Этот пример довольно типичен для русской дореволюционной жизни. Он
показывает, что люди, истинно озабоченные общественными делами, не отделяли свою
профессиональную жизнь от жизни общественной (под которой сегодня часто понимают
«общественную работу»), а последнюю — от жизни личной, осуществляли свою
общественную деятельность как глубоко личное дело. Это характерно для всех известных
11
ученых — Менделеева, Пирогова (именем которого было названо крупнейшее общество),
участвовавших в суде присяжных, и т.д. Можно много рассказывать о жизни Толстого,
сыгравшего огромную роль в общественной жизни России, в судьбах сотен людей, в
организации образования и т.д. Не существовало профессиональных барьеров, рамок,
которые бы извне предписывали тому или иному человеку — ученому, писателю — род
его обязанностей.

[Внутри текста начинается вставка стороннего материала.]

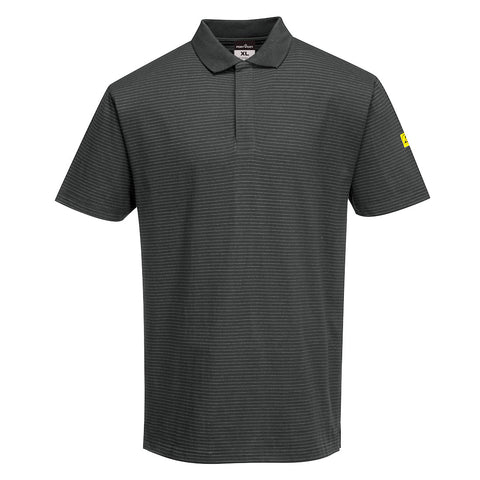Portwest AS21ZOR Anti-Static ESD Polo Shirt S/S - Zoom Gray - R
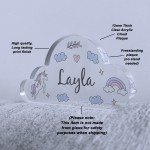 Personalised Unicorn Nursery Decor Acrylic Plaque For Daughter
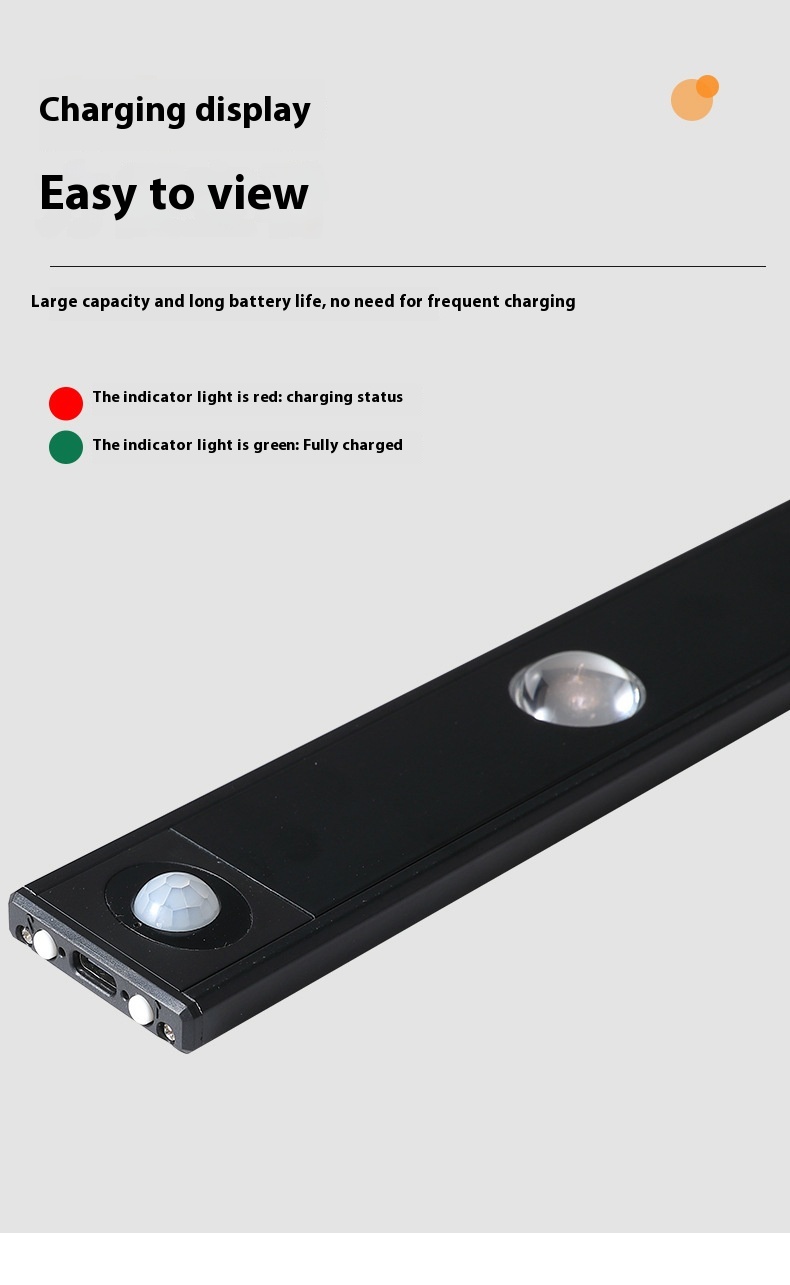 Smart Cat’s Eye Infrared Sensor Lamp Wine Cabinet Hallway Atmosphere Rechargeable Hill Corrugated Cabinet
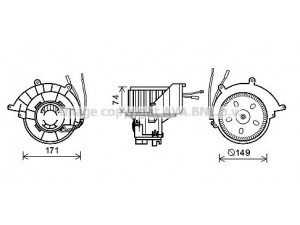 AVA QUALITY COOLING OL8629 elektrovariklis, vidinis pūtiklis 
 Šildymas / vėdinimas -> Orpūtė/dalys
1845003, 1845065, 1845101, 9117606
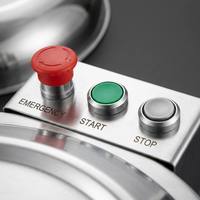 Industriële centrifugale groente- en fruitdroger van roestvrij staal voor restaurantkeukens
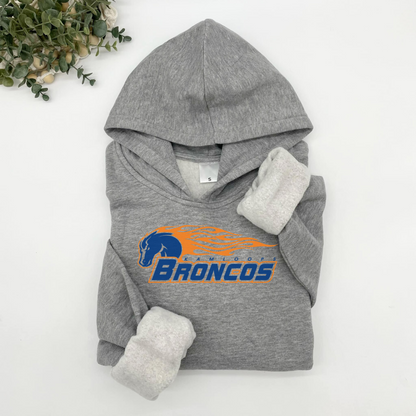 Traditional Broncos Logo Plush Hoodie or Crew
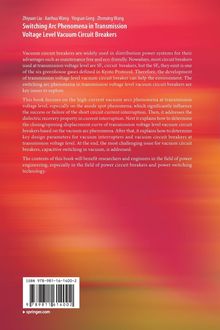 Titel: "Switching Arc Phenomena in Transmission Voltage Level Vacuum Circuit Breakers." Hintergrund in Rot-Orange.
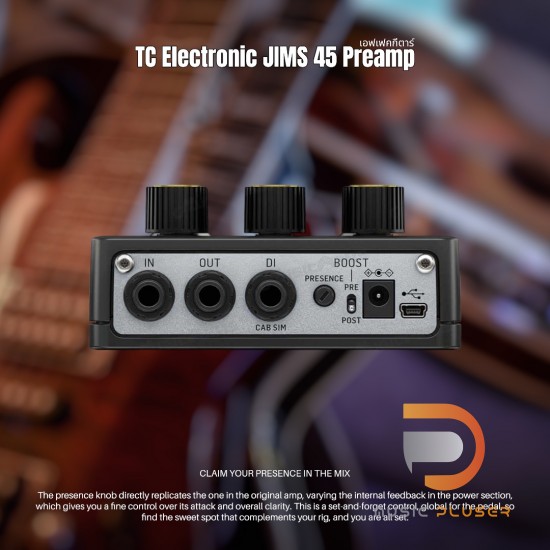 เอฟเฟคกีตาร์ TC Electronic JIMS 45 Preamp เอฟเฟคกีตาร์ TC Electronic JIMS 45 Preamp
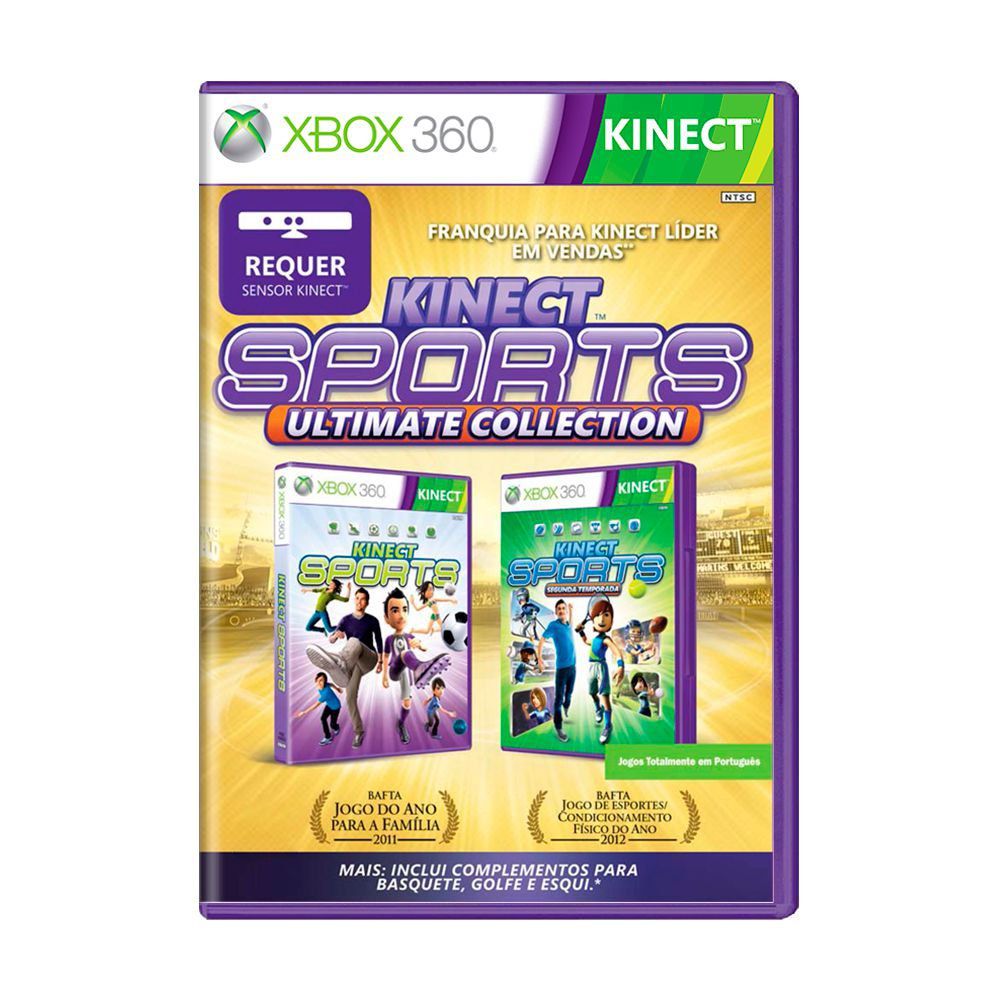 USADO: Sensor Kinect Xbox 360 + 2 Jogos Kinect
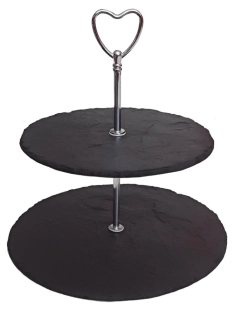 Dvojposchodový kruhový etažér SRDCE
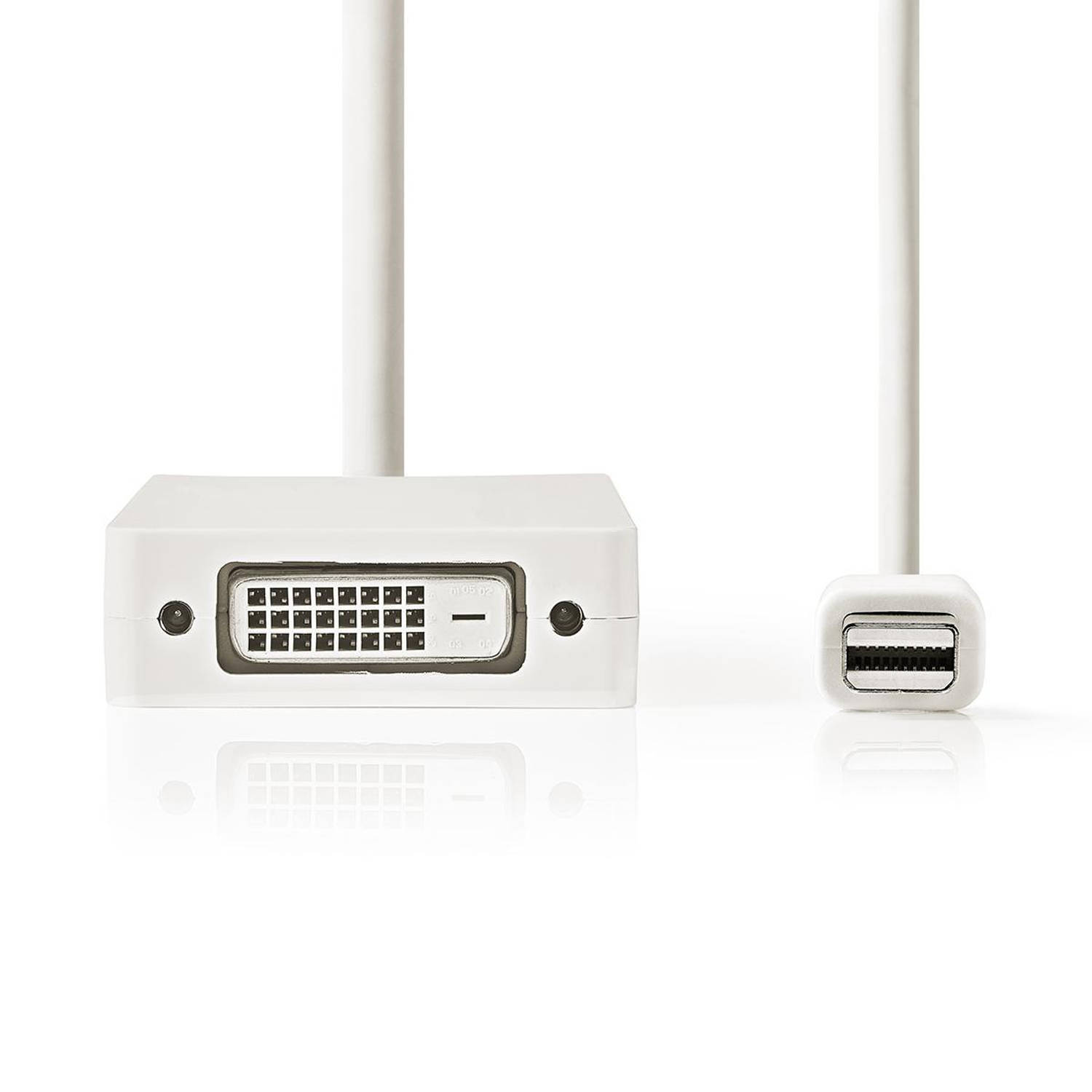 Mini DisplayPort-Adapterkabel, Multiport | Mini-DisplayPort Male VGA Female + DVI-D 24+1-Pins Fema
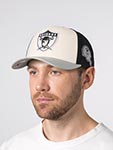 Бейсболка MITCHELL NESS арт. HP14950-ORAOFWH Oakland Raiders NFL (кремовый / светло-серый)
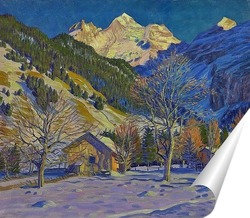   Постер Первый снег в Kandersteg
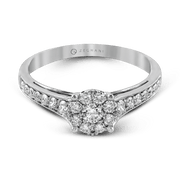 ZR827 Engagement Ring in 14k Gold with Diamonds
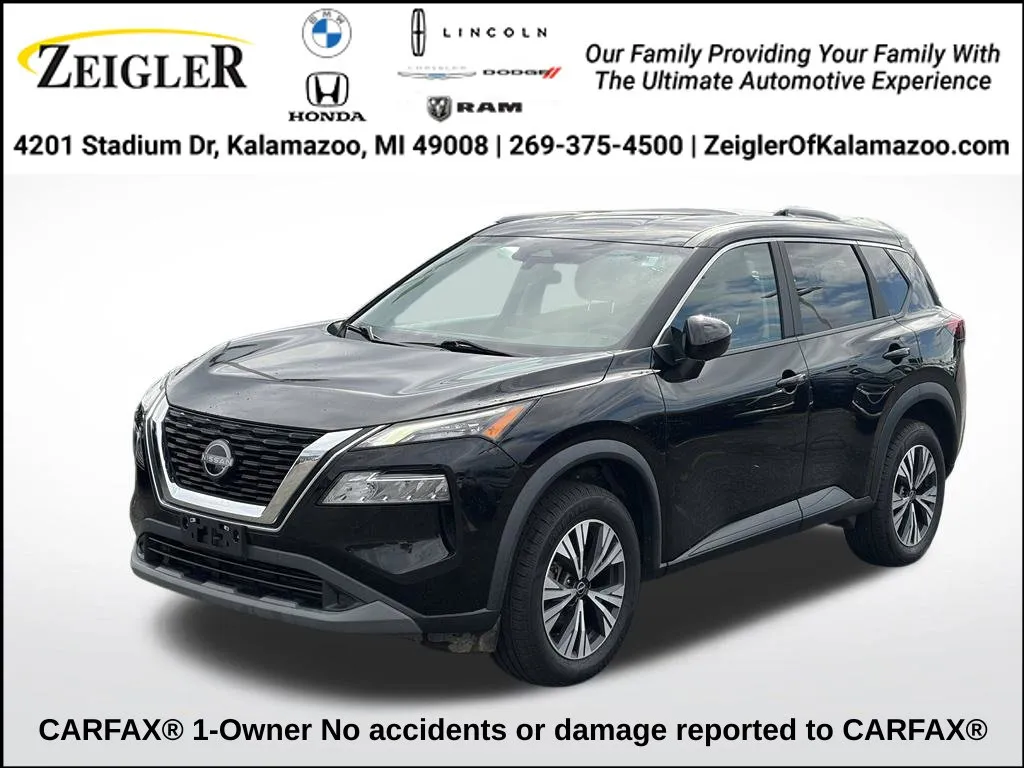 Black 2023 Nissan Rogue SV for sale in Kalamazoo, MI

Общественная жизнь впитывала в себя глубоко личные инициативы
передовых людей, которые проводились в действительность вопреки запретам царской
цензуры и т.д.
Речь идет, однако, не об отдельных примерах (и сегодня живут и активно действуют
в общественной жизни люди, подобные упомянутым выше, и в нашем обществе много
людей талантливых, инициативных). Речь идет о тех принципах, которые до сих пор у нас
пронизывали структуры общественной жизни и определенным образом деформировали
личную жизнь и саму личность, о том, насколько принципиально отличен способ жизни
людей, которые своими индивидуальными усилиями могут интегрировать разные сферы
общественной жизни, реализуя в них единые гуманистические принципы, от такого, при
котором люди, напротив, едва успевают решать отдельные частные жизненные задачи.
Цельность, полнокровность, интенсивность жизни личности не имеют ничего
общего с тем, когда активность человека идет в разных направлениях и разрывается между
ними на отдельные, раздробленные дела, звонки, визиты, неотступной волной
захлестывающие жизнь, превращающиеся в самоцель, когда одни собрания сменяют
другие, парализуя собственные инициативы и начинания человека, лишая его активность
необходимой целостности, смысла. Соотношение желаемого и требуемого оказывается
противоречивым, иногда несовместимым, и постепенно человек начинает уступать необ-
ходимости, часто сугубо формальной, внешней, второстепенной. Структура личности
постепенно перестраивается, хотя часто человек этого и не замечает: он делает все, что
«нужно», без учета своих желаний, а затем и самого себя. Тем самым его активность
деформируется, его воля и инициативы исчезают, индивидуальность стирается.
В качестве второго шага к решению проблемы личной жизни может служить четкое
разделение, с одной стороны, заинтересованности общества в индивидуальном вкладе
каждого человека в общественную жизнь, в направленности на использование его
способностей и, с другой стороны, создания самой личностью условий для развития своей
индивидуальности. Психологи могут ставить и изучать только последний вопрос и именно
в этом контексте обсуждать проблему индивидуальной жизни, или жизненной стратегии.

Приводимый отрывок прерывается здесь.